5: For Charity-It’s no secret that the Cardinals, through their Cardinals Care charity initiative that built that youth baseball field in that park next to my apartment that is used primarily by homeless men who sleep in the covered dugout, do, in fact, Care about other people and their community more than any other franchise in professional sports. It’s also no secret that the Cardinals produce one of the highest levels of revenue in the MLB. Way way more revenue than the Houston Astros--who haven’t even been on TV in like 14 years—produce, that’s for sure.
What does all of this have to do with the hacking scandal? Everything. The Cardinals were, more than likely, simply getting into the Astros system so they could deposit some money into the Astros charity account in order to help homeless men in Houston sleep in covered dugouts of youth baseball fields while allowing the Astros to take credit for building youth baseball fields so that the franchise would not appear to be financially strapped cheap stakes who care only about themselves and using their money to do things like get rid of awesome hills that run up against their centerfield wall. See, the Cardinals only break the law to help other people. Homeless people to be exact.
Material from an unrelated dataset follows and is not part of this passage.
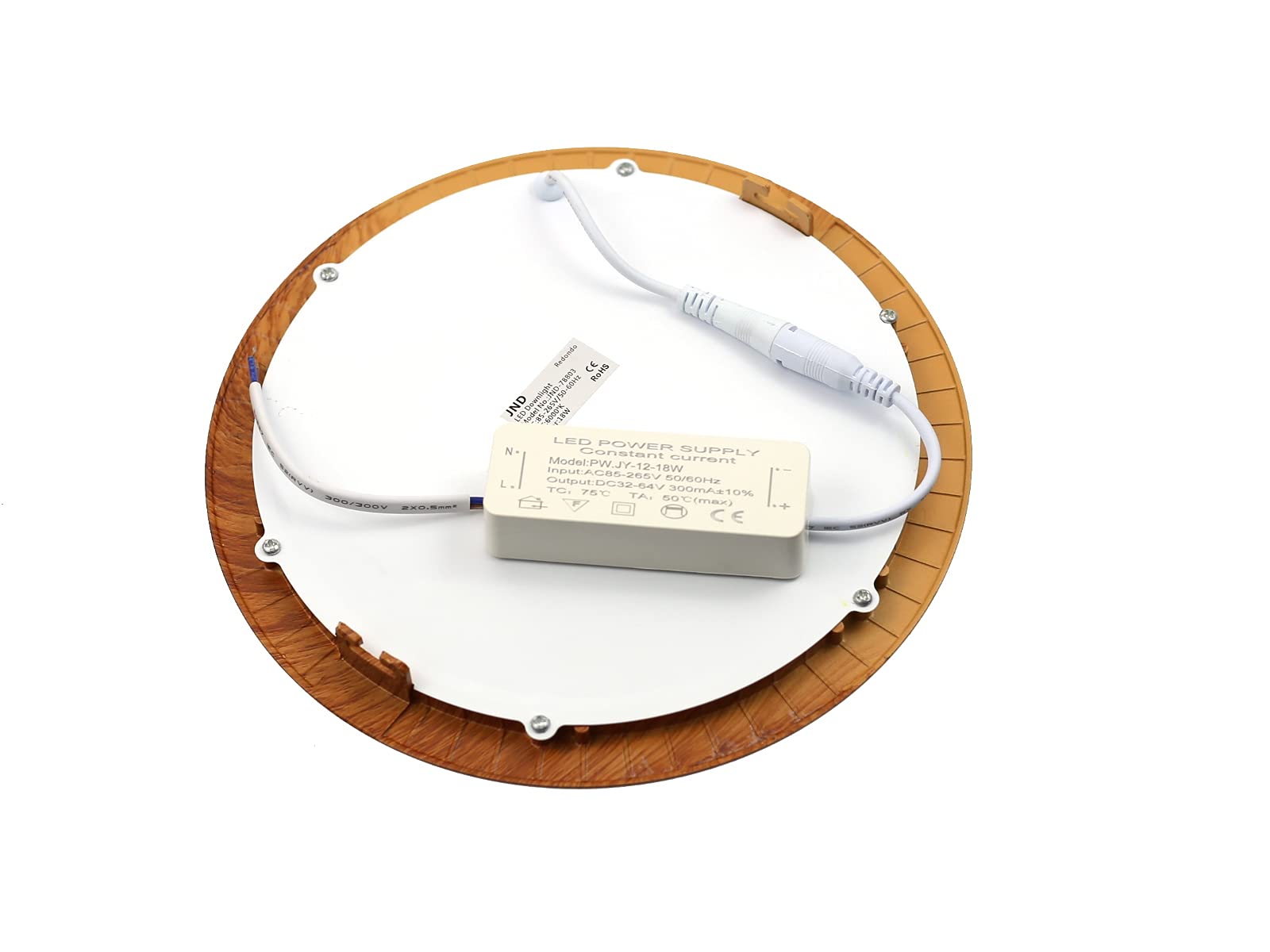 Jandei - Downlight led 18W=140W luz Blanca Fría 6000K redondo empotrar acabado madera, 1440 lúmenes para salón, cocina, tienda, negocio, oficina (2 UNIDADES)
6: Because We Are the Good Guys-Here’s the thing about being a “Good Guy,” no one gets to question your tactics because they know, when it comes down to it, what you are doing is always right. Did people give Batman shit when he was all over Maggie Gyllenhaal? No. Because he’s Batman.
Well the Cardinals are, in their own way, Batman too. You don’t have to agree with their methods because their methods are, undoubtedly, way above your head. Just know we are doing things the right way, the Cardinal way, the only way that they could have ever gotten done in the first place.
That’s the kind of trust that Good Guys deserve. Superheroes get it. And maybe, just maybe, there is a baseball franchise out there that should get it too.
#HateUsCuzTheyAin’tUs #WinnersWIn #GoodArgumentsNeverMakeActualSense
Thanks for reading jabronis. Catch ya on the flippity flip.